Мецудат Давид поясняет эти слова так: "имел в виду, что если выйдет что либо непригодное для жертвоприношения, то будет посвящено Богу, то есть не может использоваться для будничных целей".
А Абарбанель по поводу этих же слов пишет: "Итак, видно, что сделал Ифтах: когда вышла дочь его к нему, не умертвил он ее и не вознес на алтарь, а отделил, посвятил ее Всевышнему... чтобы постоянно была в святости, все дни жизни ее..."
Оплакано же было именно девство дочери Ифтаха, которая "не познала мужа". Ведь оказавшись посвященной Богу, дочь Ифтаха уже не могла быть посвящена никакому мужчине. Более того, считается, что она была вынуждена жить вдали от людей, одна в горах. Такова оказалась логика необдуманного обета Ифтаха: он обернулся обетом монашеским, дочь Ифтаха была вынуждена стать схимницей!
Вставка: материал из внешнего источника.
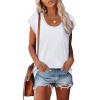 imageSaloogoe Womens Summer Tops 2025 Cap Sleeve U Neck T Shirts Short Sleeve Tshirts Shirts Beach Fashion Vacation OutfitsAll White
Из этого мы видим, что идеал монашества, возникший впоследствии среди христиан - вполне танахический, то есть воспроизводящий вполне еврейскую логику "посвящения". Но для самих евреев идеал этот неприемлем: "И стало обычаем у Израиля: Из года в год ходили дочери Израилевы оплакивать дочь Ифтаха Гиладянина четыре дня в году". Судьба монахини заслуживает в Израиле лишь горьких слез. Безбрачие – это неполнота, это ущербность. Более того, без брака невозможно выполнение заповеди: «плодитесь и размножайтесь», а это представляет обет Ифтаха в несколько неожиданном аспекте.
Дело в том, что Талмуд (Ибамот 63.б) отождествляет воздержание от деторождения с кровопролитием. Но тем самым, оставив без потомства свою дочь, Ифтах по существу убил ее, то есть невольно выполнил свой обет во втором значении.